IJV has been very active is getting two, and there are only two, foreign policy resolutions on the agenda of the annual Green Party meeting in Canada in August. Both resolutions deal with Israel. One calls for the support of BDF. The other calls for the decertification of the Jewish National Fund (JNF) as a Canadian charity. BDS has succeeded in getting Elizabeth May, the leader of the party, to co-sponsor the latter resolution with Corey Levine of IJV to rescind JNF’s charitable status. Given that the Green Party has nothing to say about ISIS or Islamic extremism from Indonesia to Nigeria, has nothing to say about the cruelties of the Assad regime, nothing to say about the enormous increase in refugee numbers, nothing to say about the prospect of Brexit, nothing to say about the crisis in Venezuela, nothing to say about human rights in Saudi Arabia, nothing to say about the deforestation and reforestation policies of Brazil and their effects on indigenous peoples of the Amazon, nothing to say about North Korea’s pursuit of a nuclear arms capability, nothing to say about the human rights abuses of Iran, might it not be reasonable to suggest that this exclusive focus on Israel alone indicates a bias against Israel?

What has been Elizabeth May’s defence? She in the past claimed that she has raised human rights concerns about many nations – which does not explain why these are party policy issues and not just expressions of a leader’s concern and why these are the only two foreign policy resolutions at the convention. Her answer: the Green Party, unlike other parties, has no process for screening resolutions placed on the convention floor. Current party policy opposes the use of BDS to influence the policies of the Netanyahu government – itself an indication of possible bias since it may imply that only the Israeli government needs to be influenced to advance a peaceful resolution of the conflict. May defends the right of party members to propose changes in policy. Further, according to B’nai Brith, when May discussed human rights in the context of Jews, “when Parliament convened in February of 2015 specifically to discuss the global rise in antisemitism, May’s sole contribution to the debate was to argue that criticism of Israel should not be considered antisemitic.”

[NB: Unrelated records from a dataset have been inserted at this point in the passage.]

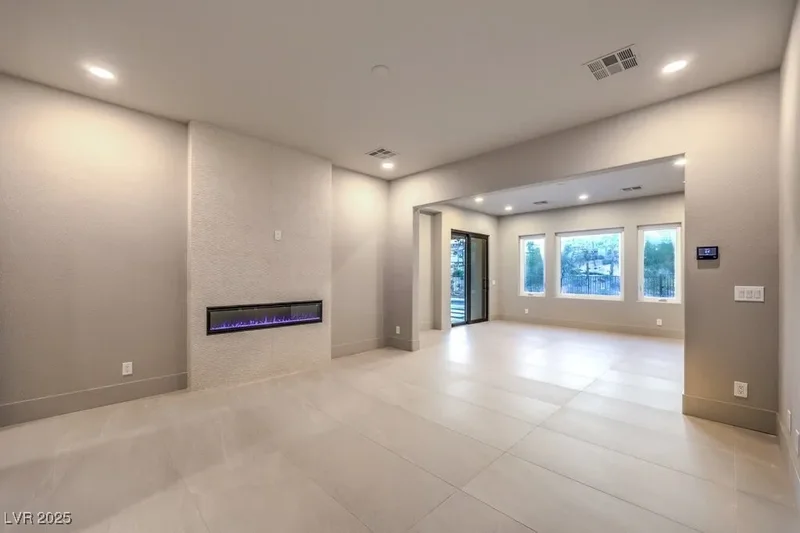 11569 Snow Creek Avenue, Las Vegas, Nevada, United States. - Photo 13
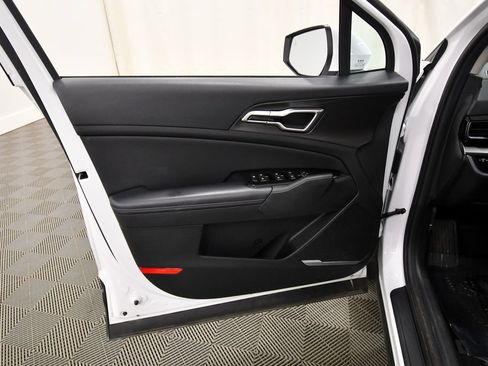 Certified 2023 Kia Sportage EX AWD/4WD image 13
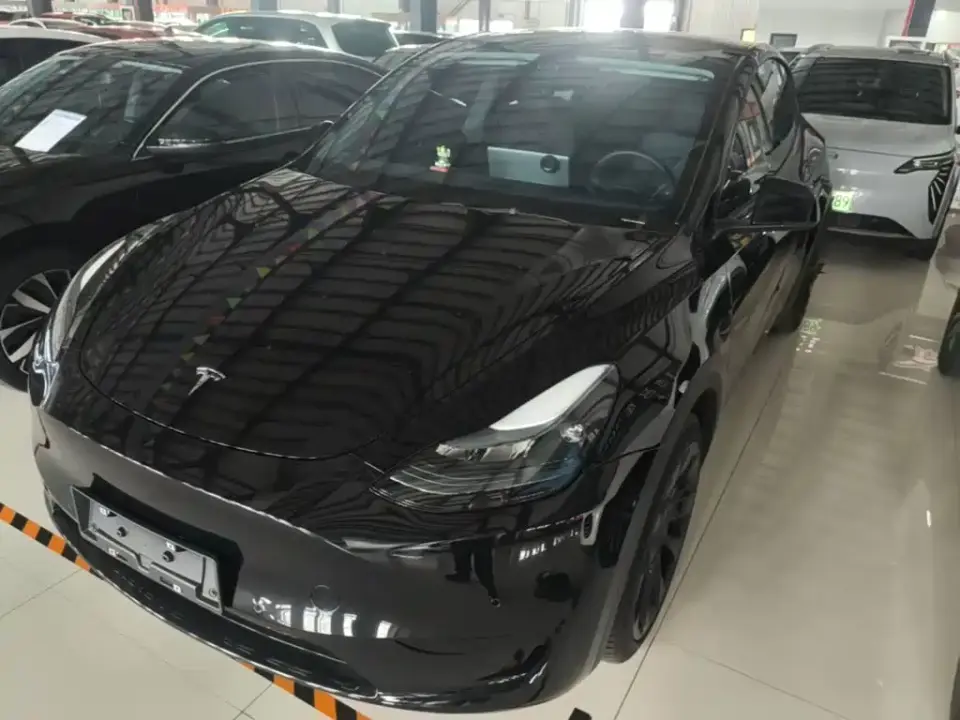 Tesla Model Y Facelift Rear-Wheel Drive Version 2023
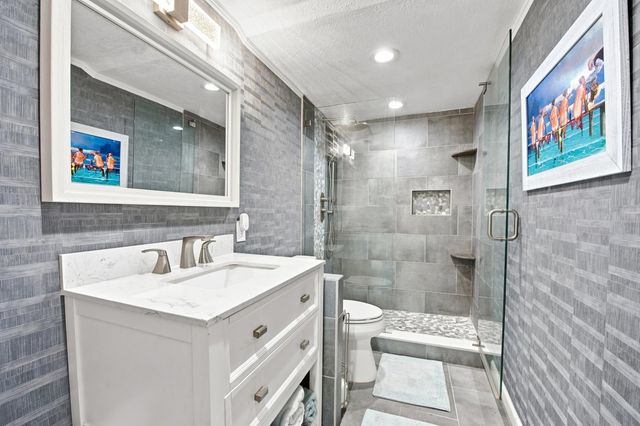 8409 Forest Hills Drive 206, Coral Springs, FL 33065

The fact is everyone agrees that criticism of Israel is not anti-Semitic per se. Certain types of criticism are. The B’nai Brith response suggested that May’s criticism risked falling into the latter category since she cited IJV as her source for the claim. Even more critically, IJV is the same organization that sponsored the two resolutions.

With respect to the JNF resolution, she does not take back that she is a sponsor of the resolution, but has said that she has invited Josh Cooper, CEO of JNF Canada, to speak to the resolution if it comes to the convention floor. However, the resolution may never reach the floor if it is defeated in online voting. We will have to see what happens. But in the next blog I want to turn to the efforts of Jewish organizations in Canada, in particular, B’nai Brith, to attack IJV and BDS. As we shall see, Nachman Shai may be very correct in his charge that BDS is only being combated with defensive attacks, and possibly distorted ones, rather than Shai’s call for a competing idea.